Diane Holicky (top left), her daughter Karla Holicky and resident Geneva Waller at Auburn Manor.

When she was 16 years old, Diane Holicky began what would become a lifelong journey in long-term care. Her mother worked in the laundry department of a senior care center, and Diane worked there as an aide.

“Unknown to me at the time, I was instantly transformed into a long-term care employee,” Diane said. “I then went on to get my LPN license, continuing to work in the same facility in my hometown.”

Diane went on to get her RN license, and has worked as a floor nurse, nurse manager and director of nursing over the years. Today, Diane is the Director of Education at Auburn Homes and Services in Waconia.

“Now, in the twilight of my career, I am looking forward to teaching people how to care for our elderly population,” Diane said.

Diane has also experienced long-term care through the eyes of a loved one, which she calls eye-opening. “My mom was in hospice and passed away in a long-term care facility.

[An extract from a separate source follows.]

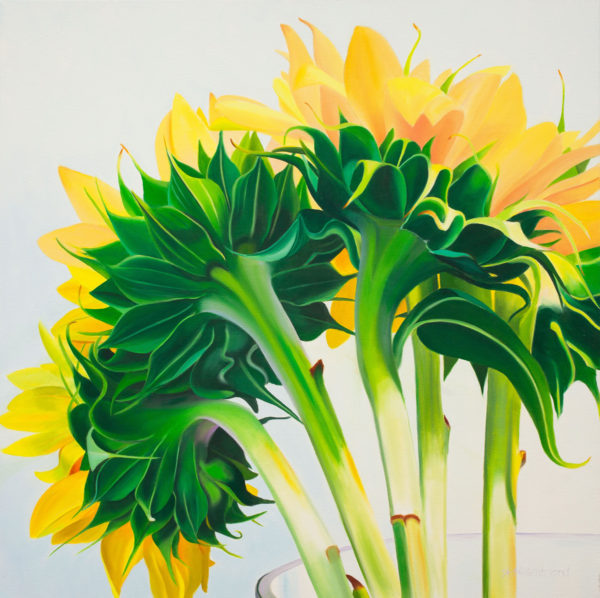 large painting of Sunflowers, yellow and green sunflower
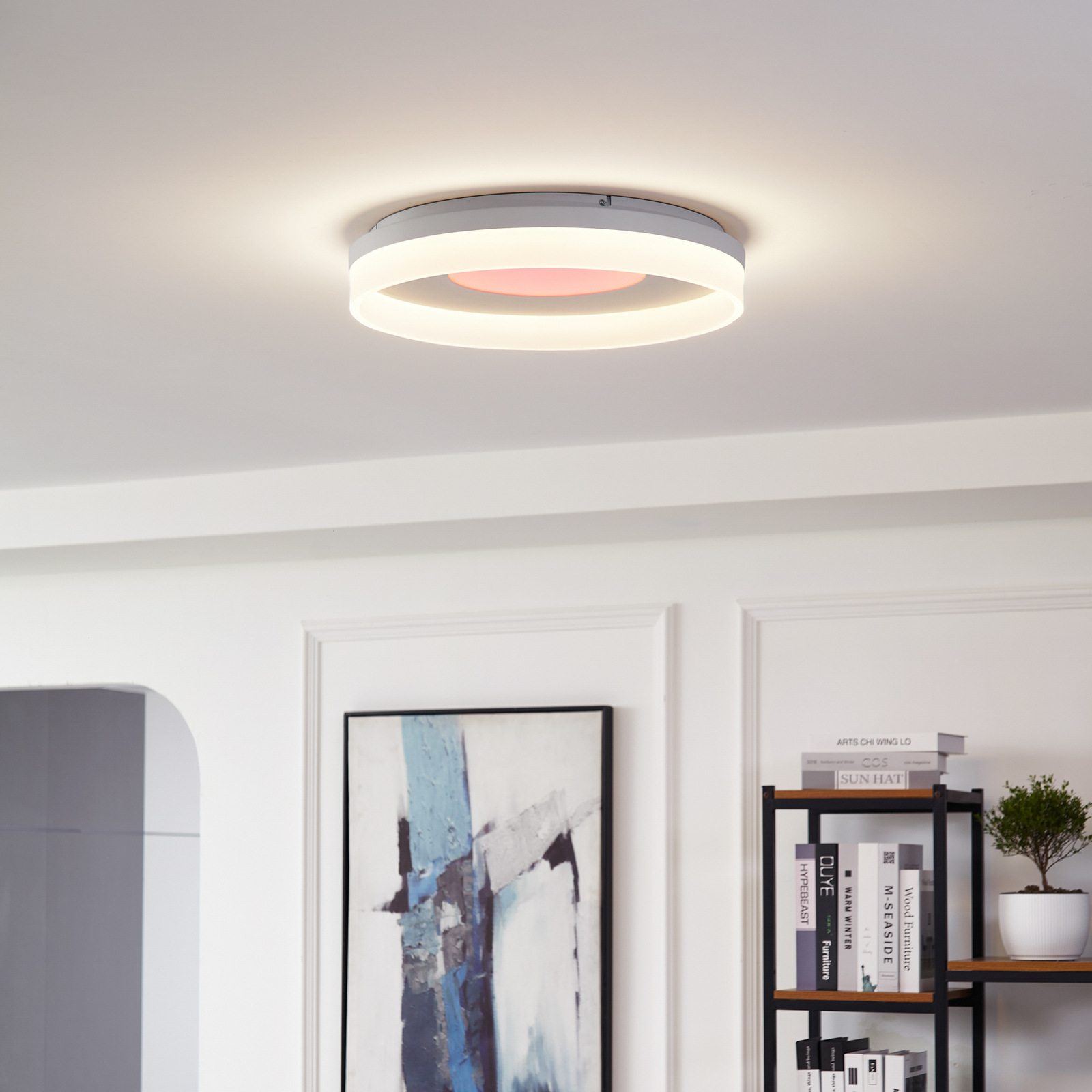 Lucande Smart LED ceiling light Squillo white Tuya RGBW CCT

My father-in-law also spent time in long-term care.”

Diane’s legacy in long-term care extends to her children, who grew up volunteering with seniors. “My daughter is now an RN in long-term care and loves it (her original plan was for fashion design).”

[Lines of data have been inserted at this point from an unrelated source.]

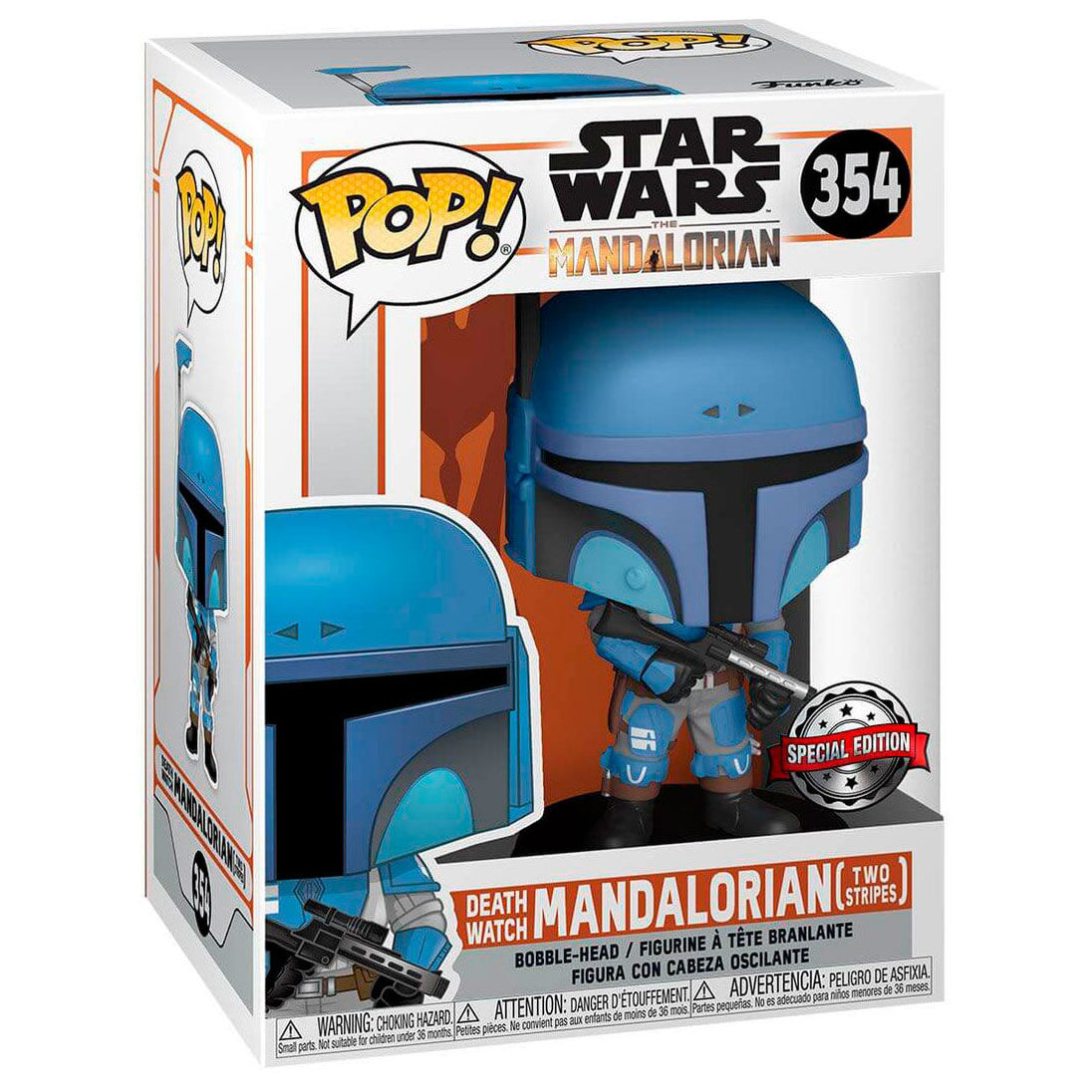 Emballage exclusif de la figurine Funko POP Star Wars Mandalorian Death Watch Two Stripes avec logo Funko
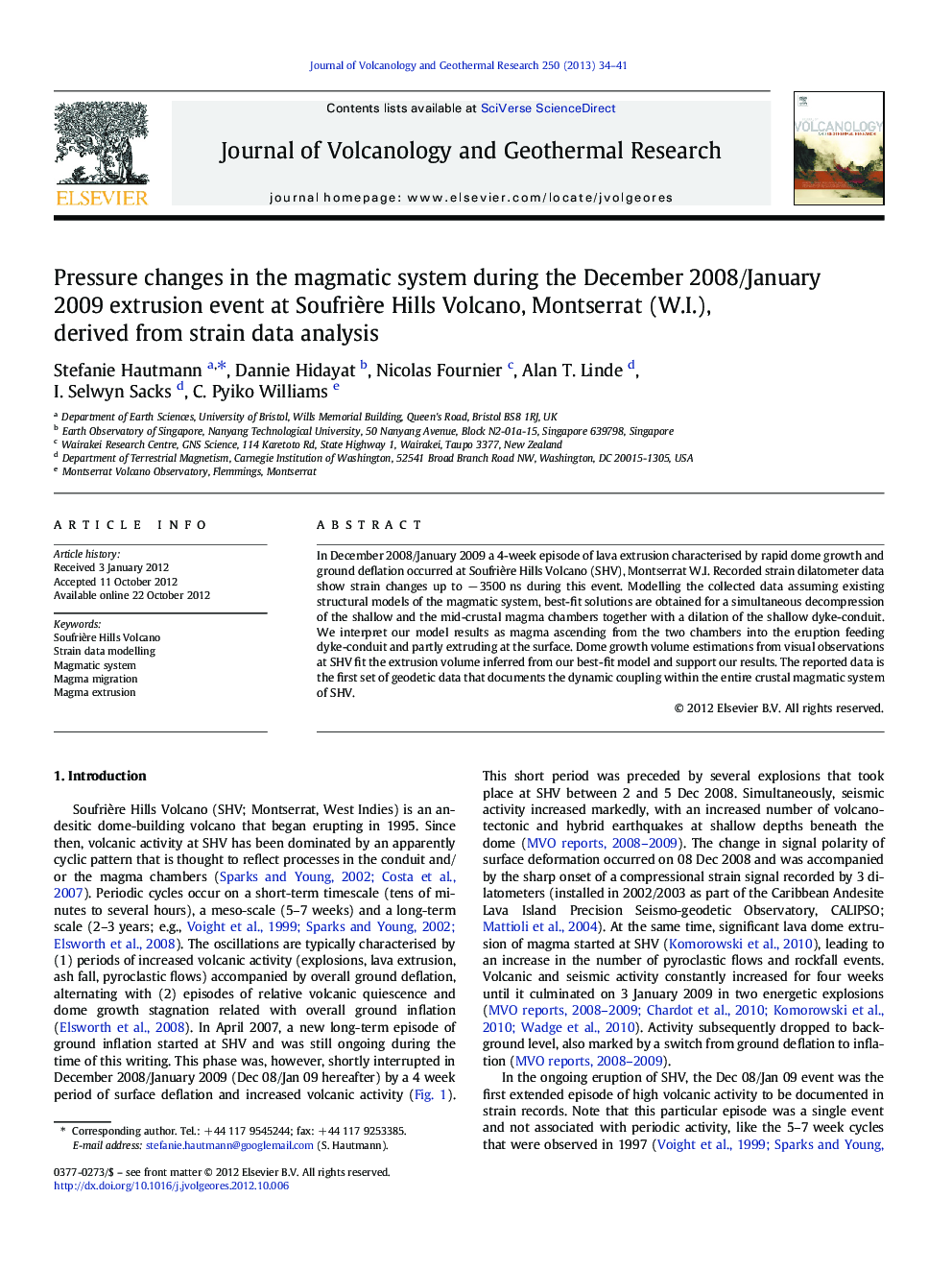 Pressure changes in the magmatic system during the December 2008/January 2009 extrusion event at Soufrière Hills Volcano, Montserrat (W.I.), derived from strain data analysis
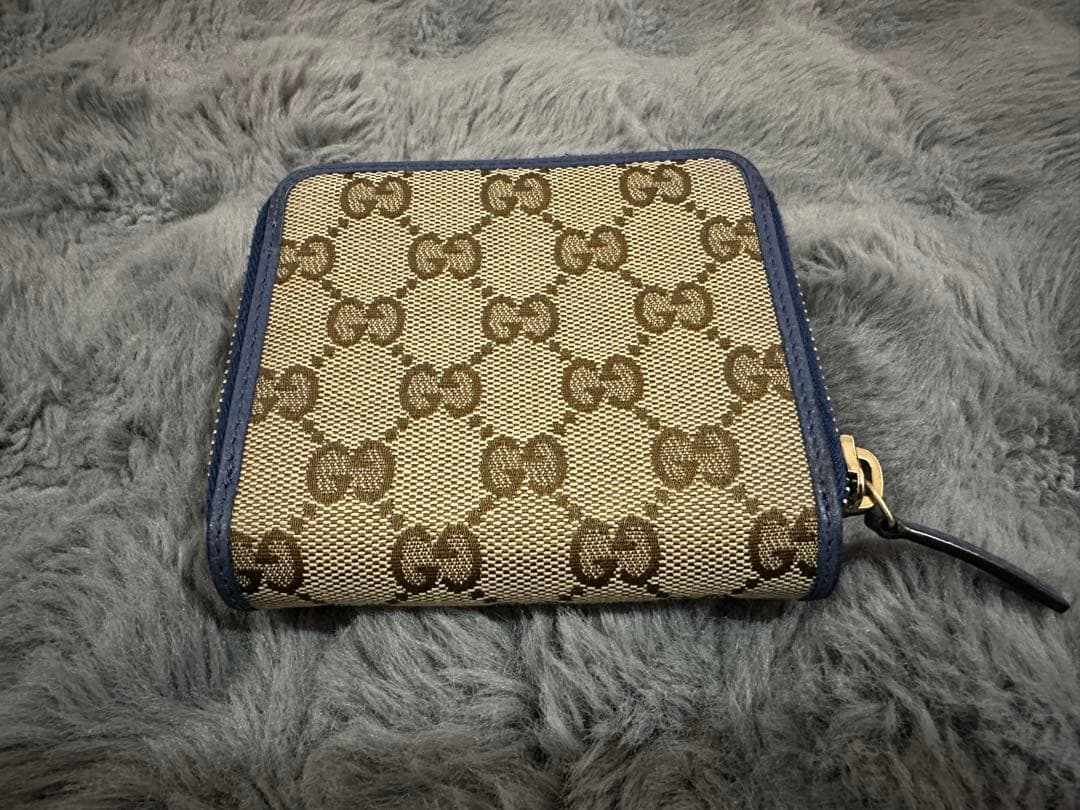 GUCCIGGエンブレム ミニウォレットブルー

Twice, Diane left the long-term care profession to pursue other opportunities, but she returned both times. “I missed the atmosphere and environment of the long-term care facilities,” Diane said. “I am here to stay and love caring for the great elderly population that created this world we live in.”

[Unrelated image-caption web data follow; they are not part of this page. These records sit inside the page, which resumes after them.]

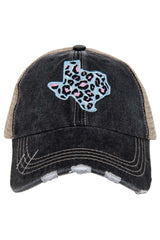 Blue Leopard Texas Trucker Hat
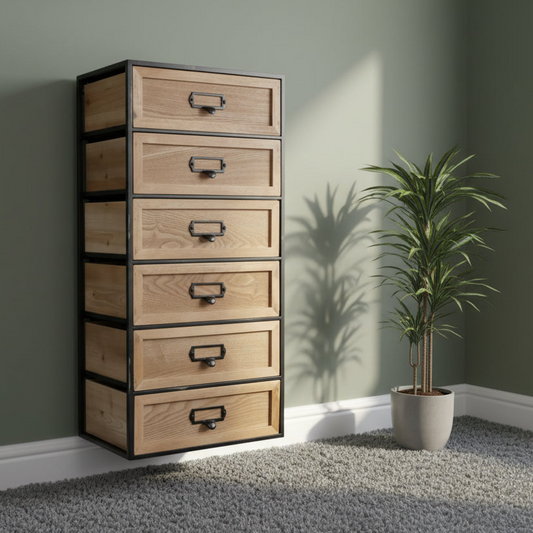 Wooden drawer unit with black frames against a green wall with a plant.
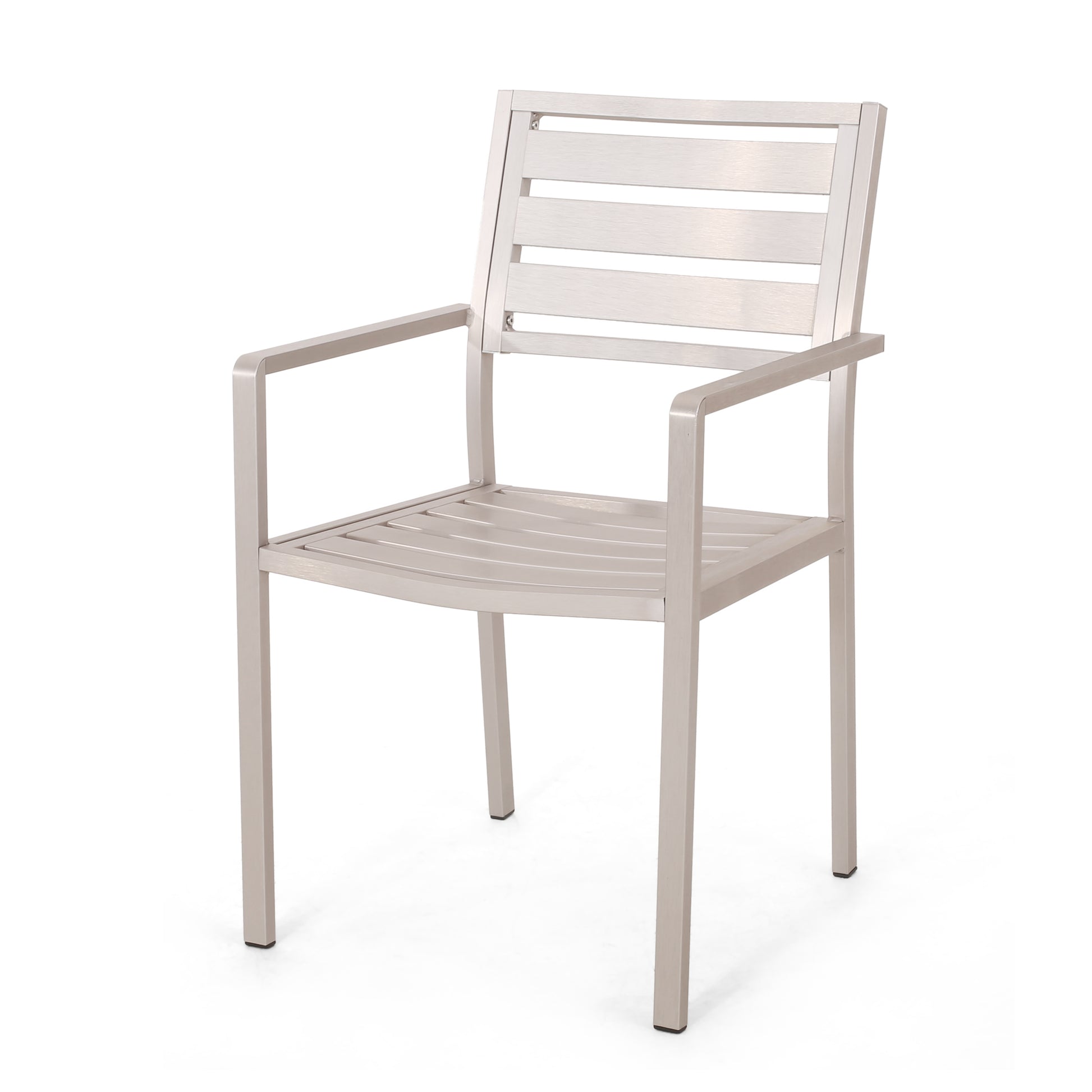 Outdoor Modern Aluminum Dining Chair, Silver Set Of 2 Silver Aluminium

Across Minnesota, the senior population is booming as 60,000 Minnesotans will turn 65 this year and every year through 2030. The state’s growing number of seniors will need an additional 25,000 caregivers to support them over the next decade. Diane acknowledges that caregivers do not have the easiest jobs.

“It’s hard work dealing with dementia, demanding loved ones, disease processes that change on a dime, and the limits put on facilities by regulations and budgets,” she said.

Caring for the elderly requires a strong partnership between our seniors, their families, their communities, professional caregivers and the State of Minnesota. Diane worries that the state may not be prepared to provide the care and support that all of our seniors deserve.

“The elderly population is getting left behind,” she said. “We need to be able to care for them.”